Look below for the line with "Doorbuster Uncut Natural" and the line with "Small Crystal Faux"; repeat exactly those two lines and all lines between them, but no pictures.
***** Recorded information
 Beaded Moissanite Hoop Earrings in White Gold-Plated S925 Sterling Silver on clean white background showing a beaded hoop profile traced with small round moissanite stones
**********
***** Recorded information
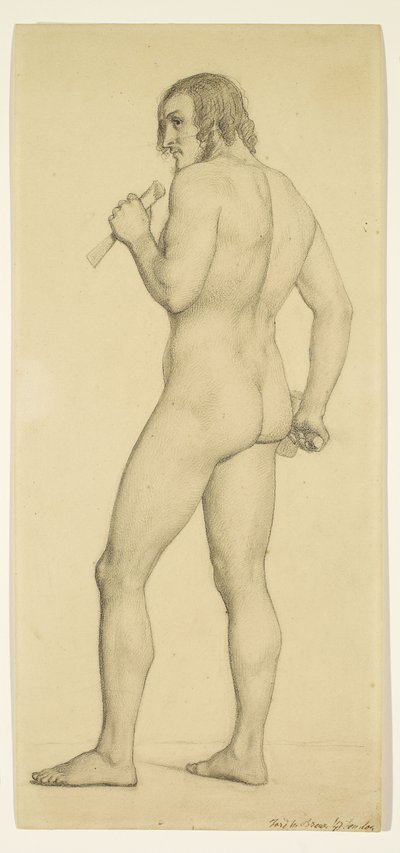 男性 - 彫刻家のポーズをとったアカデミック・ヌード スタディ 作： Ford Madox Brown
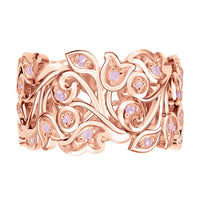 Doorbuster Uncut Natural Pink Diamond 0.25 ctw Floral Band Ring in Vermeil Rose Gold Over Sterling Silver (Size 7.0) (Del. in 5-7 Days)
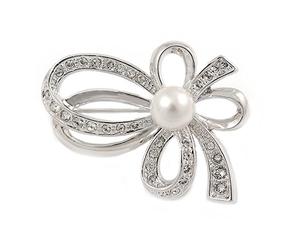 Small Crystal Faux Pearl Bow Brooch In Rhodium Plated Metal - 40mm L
**********
Completed task |
 Doorbuster Uncut Natural Pink Diamond 0.25 ctw Floral Band Ring in Vermeil Rose Gold Over Sterling Silver (Size 7.0) (Del. in 5-7 Days)
 Small Crystal Faux Pearl Bow Brooch In Rhodium Plated Metal - 40mm L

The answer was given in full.